La démarche de Shoof est « minimaliste » : un seul pinceau, une seule couleur, un seul rythme pour « renouer avec le battement premier, celui qui résonne au fond de chacun d’entre nous, celui du cœur ». La lettre arabe vient de sa culture première, mais c’est un prétexte qui permet à l’artiste de s’interroger sur la place du langage dans « un monde de peur et de xénophobie ». « En fait, il n’y a pas de communication, on n’échange rien. Pour comprendre un langage, il faut en posséder les codes. Or les codes, c’est l’élite qui les détient », affirme cet enfant de la médina de Tunis qui rappe et tague en toute clandestinité sous Ben Ali.

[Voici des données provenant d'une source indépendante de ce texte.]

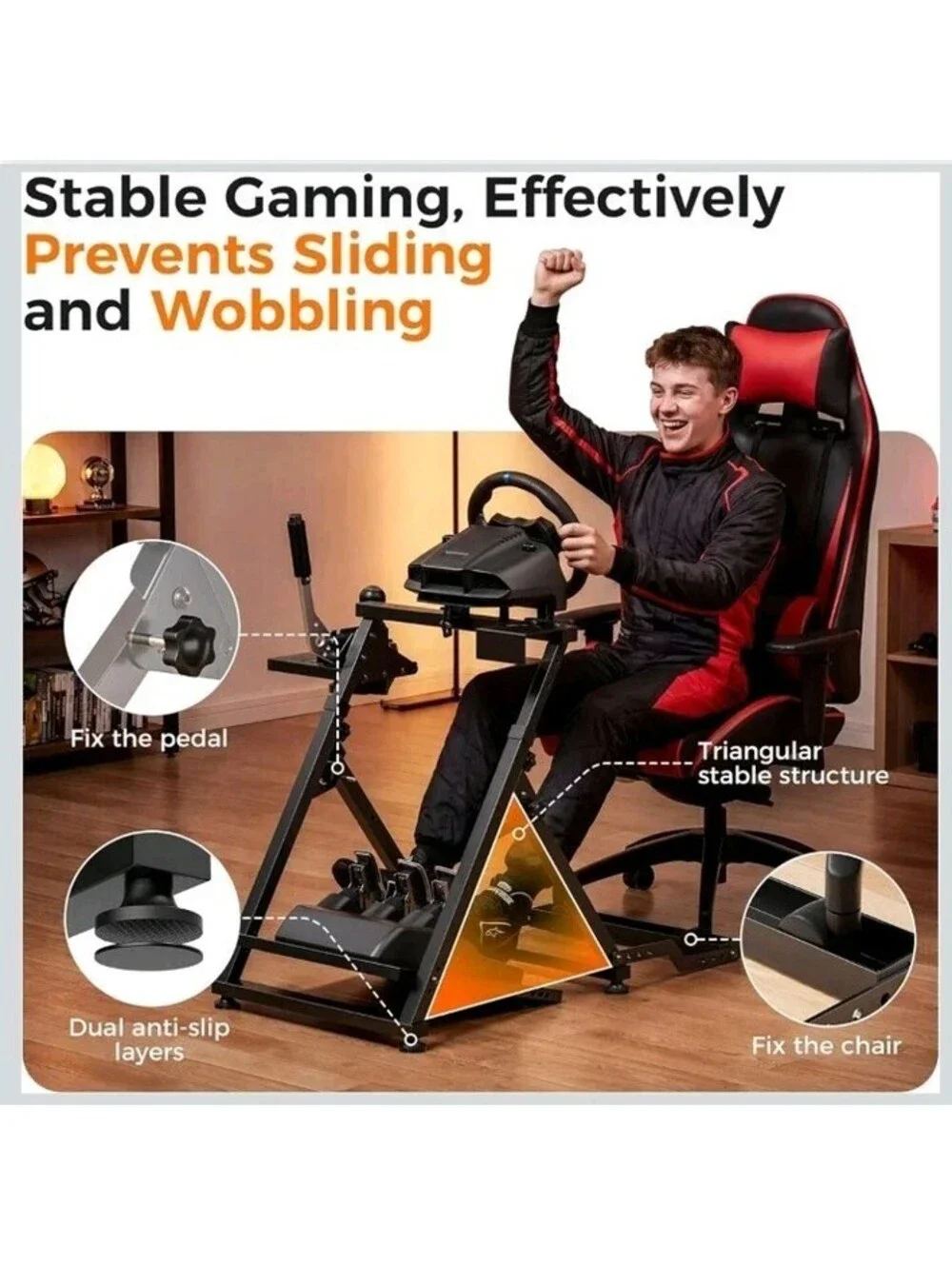 CAMMOO High Compatible Racing Wheel Stand with Chair Slot Fits Handbrake31...
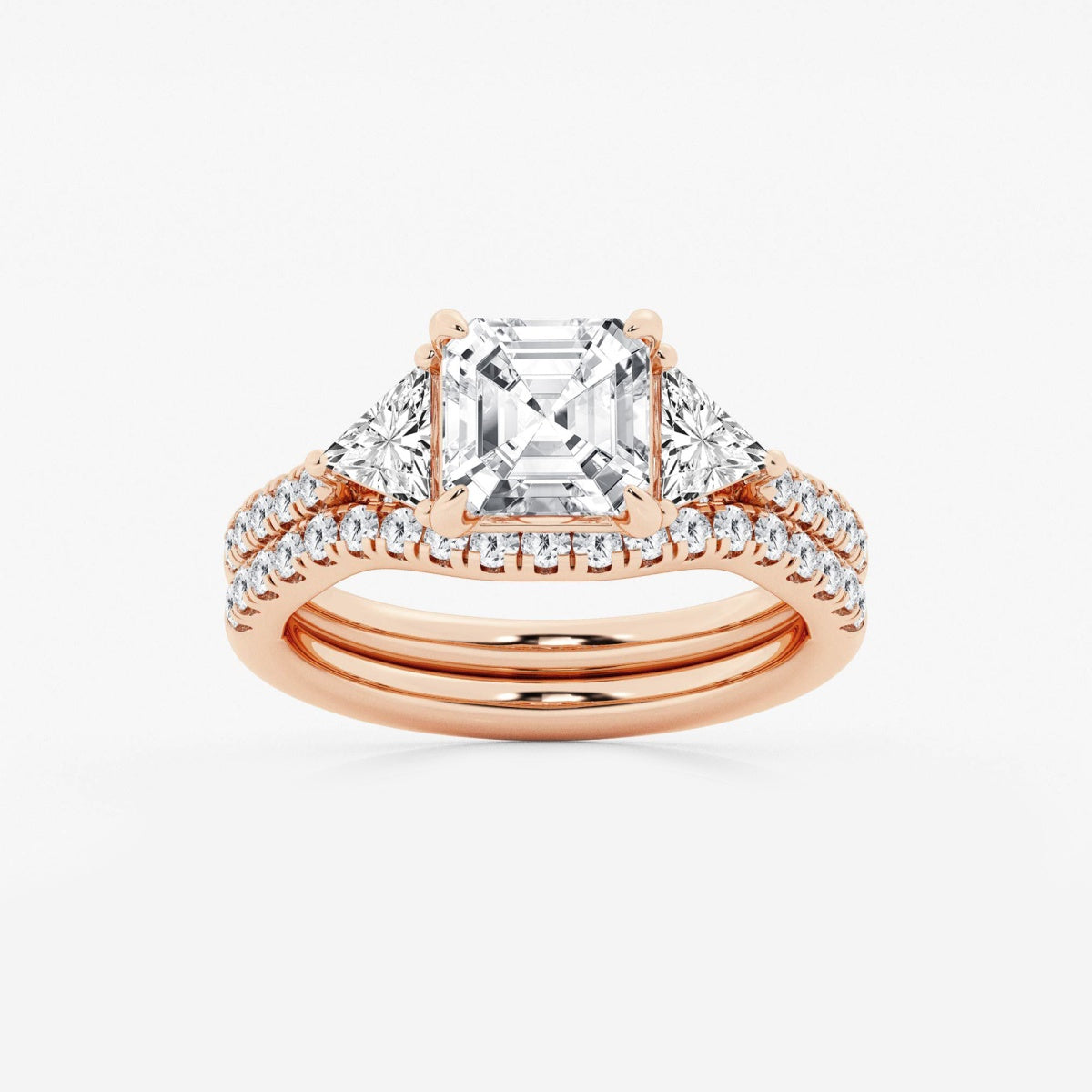 Isla - Three-Stone Bridal Set Engagement Ring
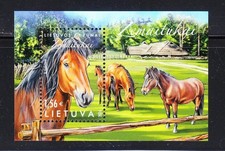 Lituania 2016 razza di cavallo Zhmud foglio miniatura MNH **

Né dans une famille « modeste mais lettrée », élevé par sa mère et la famille de cette dernière alors que son père était parti en France trouver de quoi nourrir les siens, Hosni Hertelli a suivi le chemin du paternel afin de poursuivre ses études. En 2004, il atterrit à Paris et s’inscrit en droit à l’université Paris-Nanterre. Après un double DEA (en histoire et anthropologie juridique et en sociologie politique comparée), le jeune homme, cultivé et bosseur, entame un doctorat. Pour se changer les idées et « ne pas penser », il griffonne sur un cahier un dessin figuratif qu’il répète et qui finit par l’obséder et le dévorer.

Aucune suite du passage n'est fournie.